INSTRUCTION ET ÉDUCATION


Il est cependant une branche qui, dans la société la plus libertaire, exige une certaine somme d’autorité, c’est l’instruction.

Certes, les systèmes pédagogiques reposant sur les punitions corporelles, les menaces terrifiantes, la compression cérébrale et le surmenage seront absolument proscrits, mais il ne s’en suit pas que toute autorité doive être bannie dans les rapports des professeurs avec les élèves et qu’on puisse reconnaître à des enfants ignorants de tout la même liberté illimitée qu’à des hommes faits.

Le vrai précurseur de l’anarchie, Bakounine, est d’avis que les enfants doivent être soumis à une discipline de plus en plus atténuée à mesure qu’ils avancent en âge ; parvenus au couronnement de l’adolescence, ils ne trouveront plus en leurs maîtres que des conseillers et des amis.

C’est cette progression rationnelle qui a marqué les phases de l’existence des peuples. Soumis dans leur enfance au despotisme absolu de la force, ils s’émancipent peu à peu, obtiennent des garanties, des constitutions sur lesquelles ils piétineront demain, les trouvant insuffisantes : le droit électif remplace le droit héréditaire et bientôt l’élection elle-même sera jugée incompatible avec l’autonomie de tous ; le pouvoir imposé ou consenti sera brisé.

L’humanité, en effet, est un homme qui se perfectionne toujours et ne meurt jamais : l’homme est un résumé de l’humanité.

Il faut se garder de confondre instruction et éducation : cette dernière, qui est l’assimilation d’habitudes sociales, doit s’inspirer du plus grand principe de liberté ; l’instruction, au contraire, enseignement de connaissances utiles mais souvent arides, suppose un plan, une méthode qui, rendue aussi attrayante que possible, sera toujours autoritaire [1].

L’enseignement universitaire, qui fait perdre un temps précieux dans l’étude des langues mortes, qui incarne l’histoire dans les faits et gestes des souverains et dans quelques dates douteuses, qui bourre les cervelles encore non développées de mathématiques apprises dans le livre ou sur le tableau noir et non dans la pratique journalière, est depuis longtemps et malgré les pseudo-réformes qu’on y a apportées, condamné par tous les esprits sérieux.
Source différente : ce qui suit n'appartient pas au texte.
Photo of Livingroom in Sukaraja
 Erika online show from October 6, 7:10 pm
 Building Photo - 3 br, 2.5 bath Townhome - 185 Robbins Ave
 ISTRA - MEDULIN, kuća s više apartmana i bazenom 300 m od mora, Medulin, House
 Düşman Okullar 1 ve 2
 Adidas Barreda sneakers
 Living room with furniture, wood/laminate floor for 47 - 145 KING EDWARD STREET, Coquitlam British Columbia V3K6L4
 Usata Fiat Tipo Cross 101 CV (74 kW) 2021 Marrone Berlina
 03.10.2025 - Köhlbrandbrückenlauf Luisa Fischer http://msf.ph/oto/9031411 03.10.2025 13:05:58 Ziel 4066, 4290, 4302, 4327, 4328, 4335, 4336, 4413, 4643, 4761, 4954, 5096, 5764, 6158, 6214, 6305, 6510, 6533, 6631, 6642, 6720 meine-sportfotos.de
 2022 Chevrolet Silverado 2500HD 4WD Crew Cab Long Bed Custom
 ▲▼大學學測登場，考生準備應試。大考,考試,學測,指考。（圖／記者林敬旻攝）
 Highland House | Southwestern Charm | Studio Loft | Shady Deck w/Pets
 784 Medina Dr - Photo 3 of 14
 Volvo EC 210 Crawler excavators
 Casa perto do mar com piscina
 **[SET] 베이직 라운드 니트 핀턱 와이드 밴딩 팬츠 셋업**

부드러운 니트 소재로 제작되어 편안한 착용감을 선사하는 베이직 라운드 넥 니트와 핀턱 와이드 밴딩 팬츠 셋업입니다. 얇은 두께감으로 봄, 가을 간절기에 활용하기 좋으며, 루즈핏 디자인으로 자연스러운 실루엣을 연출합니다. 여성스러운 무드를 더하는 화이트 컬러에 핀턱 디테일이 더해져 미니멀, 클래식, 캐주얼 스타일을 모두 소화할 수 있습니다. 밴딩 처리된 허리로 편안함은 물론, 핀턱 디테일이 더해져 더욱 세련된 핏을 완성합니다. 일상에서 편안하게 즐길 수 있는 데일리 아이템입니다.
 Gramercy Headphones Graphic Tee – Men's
L’instruction donnée dans les écoles professionnelles est préférable ; moins brillante mais plus solide, elle se perd moins vite que les formules latines ou les mathématiques inappliquées ; toutefois, il faut reconnaître que ce n’est encore qu’une ébauche de l’enseignement de l’avenir. L’internat, cette forme de réclusion qui tient l’élève dans l’ignorance du monde extérieur, aboli ; les études rendues aussi attrayantes que possible et continuées insensiblement dans les récréations ; l’émulation entretenue tout autrement que par la crainte de punitions ; l’histoire apprise dans la vie des peuples et non dans celle des rois ; l’étude des langues vivantes primant celle des langues mortes, ces dernières enseignées dans leurs racines et leur mécanisme, non plus à travers les documents poudreux d’auteurs momifiés dans la nuit des siècles ; les mathématiques montrées insensiblement et d’une façon pratique au cours des promenades et des récréations ; la géologie apprise sur place dans des excursions amusantes ; la mécanique montrée à l’atelier plus souvent qu’au tableau ; des exercices corporels marchant de front avec les études techniques ; enfin, et comme couronnement, la philosophie expérimentale synthétisant toutes les sciences et éclairant l’humanité dans sa marche ininterrompue vers le progrès indéfini, telles seront à grands traits les bases de l’enseignement nouveau [2].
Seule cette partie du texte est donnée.